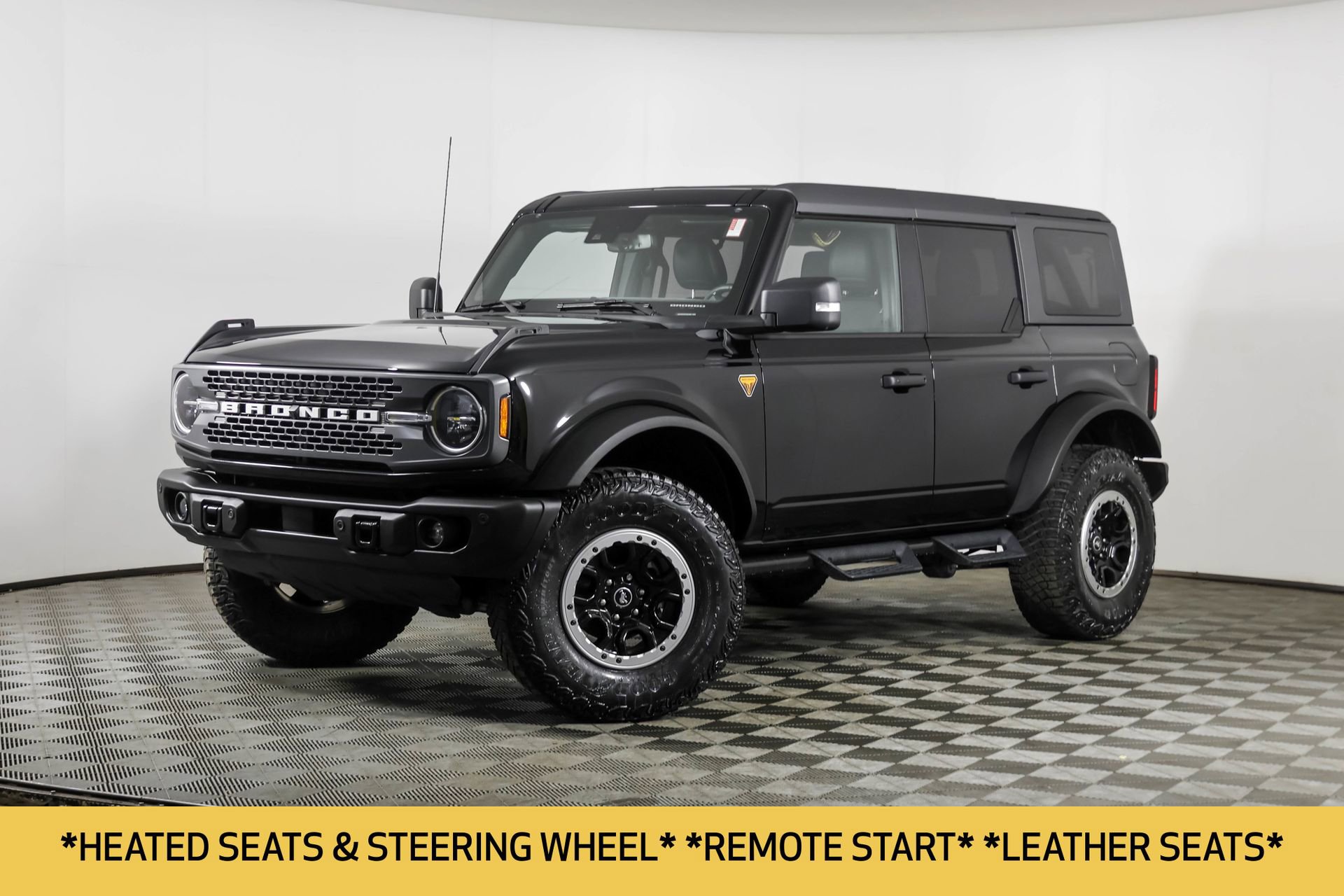 Used 2023 Ford Bronco Badlands AWD/4WD image 2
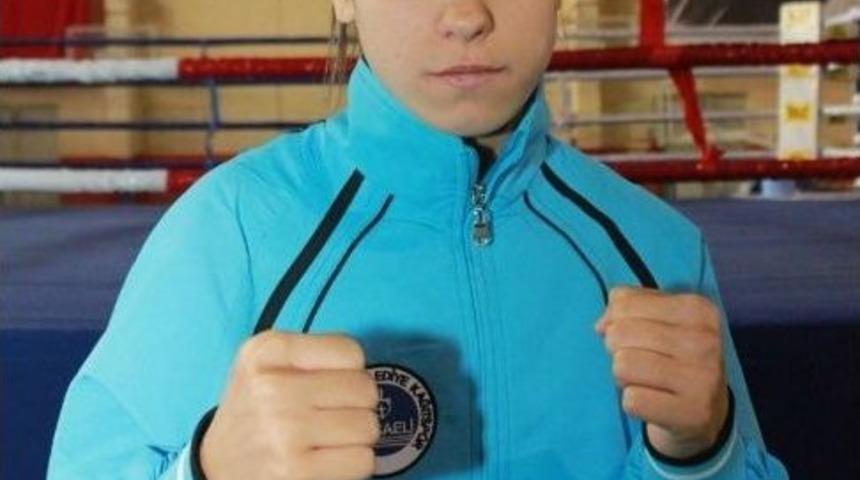 B&uuml;y&uuml;kşehirli &Uuml;lk&uuml;, D&uuml;nya &Uuml;&ccedil;&uuml;nc&uuml;s&uuml; Oldu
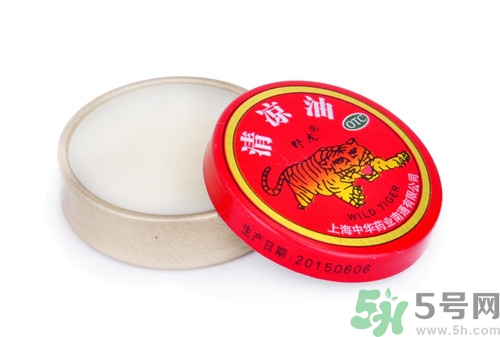 清涼油可以涂在肛門處嗎?清涼油涂在肛門處是什么感覺 清涼油可以涂在肛門處嗎?清涼油涂在肛門處是什么感覺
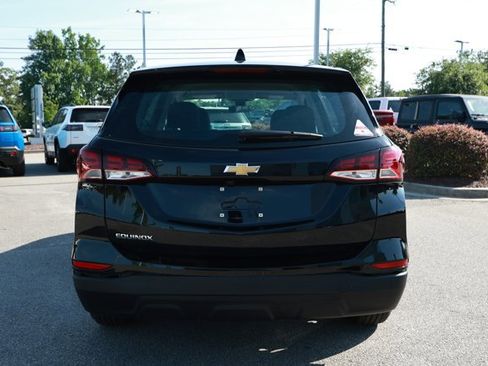 Used 2023 Chevrolet Equinox LS w/ LPO, Floor Liner Package FWD image 7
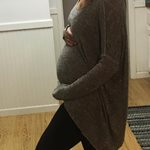 Η εγκυμονούσα μας δείχνει την κοιλίτσα της στον πέμπτο μήνα της κύησης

Requirement: Output the full listing above exactly, excluding all pictures.

Result of the exercise:
 Used 2023 Ford Bronco Badlands AWD/4WD image 2
 B&uuml;y&uuml;kşehirli &Uuml;lk&uuml;, D&uuml;nya &Uuml;&ccedil;&uuml;nc&uuml;s&uuml; Oldu
 清涼油可以涂在肛門處嗎?清涼油涂在肛門處是什么感覺 清涼油可以涂在肛門處嗎?清涼油涂在肛門處是什么感覺
 Used 2023 Chevrolet Equinox LS w/ LPO, Floor Liner Package FWD image 7
 Η εγκυμονούσα μας δείχνει την κοιλίτσα της στον πέμπτο μήνα της κύησης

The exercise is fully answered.